1 |
Pressure Transient Analysis on Stress-Sensitive Fractured WellsFigueroa Hernandez, Ruben 11 1900 (has links)
With the increase in energy consumption, new oil and gas extraction methods in unconventional resources have been explored. Hydraulic fracturing creates fractures to produce and make low permeability reservoirs economically profitable. Hydraulic fractures are also caused unintentionally by the uncontrolled injection in secondary recovery projects or CO2 geological storage. During proppant placement and CO2 injection, the permeability is reduced near the wellbore region due to pore clogging and mineral precipitation.
The generated fractures act as high conductivity conduits that increase the capacity of flow in the reservoir. The fracture conductivity is strictly related to its geometry and hydraulic properties. However, these tend to degrade as pressure decreases. The current models do not consider fracture width change in the diffusivity inside the fracture. Additionally, the effect of fracture face skin in fracture closure has not been incorporated.

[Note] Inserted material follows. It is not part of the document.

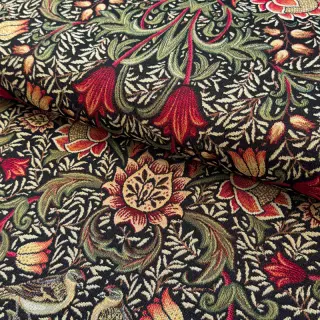 Decoration fabric GOBELIN premium Ornate art craft black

This work focuses on the identification of fracture closure in fractured wells using Pressure Transient data. A semi-analytical model was developed for including the effects of fracture closure, fracture face skin, and complex fracture geometries. The matrix and fracture systems are coupled by pressure continuity at the interface. Fracture face skin is added, assuming a thin layer surrounding the fracture. The model is solved in Laplace space using a semi-analytical approach. The results are validated using a commercial simulator (CMG) and previous models. The pressure response in fractured wells with stress-sensitive fractures is analyzed at early, middle, and late times. In each time period, we identify pressure signals to detect fracture closure by incorporating effective fracture compressibility and fracture conductivity reduction.
By incorporating the effective fracture compressibility, the model can reproduce a high storage capacity fracture signal. This signal occurs at early times and can help in post-fracture analysis. The fracture face skin creates an additional pressure drop in the fracture system, triggering conductivity reduction earlier than an undamaged fracture. We proposed a semi-log approach to identify fracture closure for slow rates of fracture closure and the pseudo-radial simplification to generate late time response curves instead of the complete solution for the model.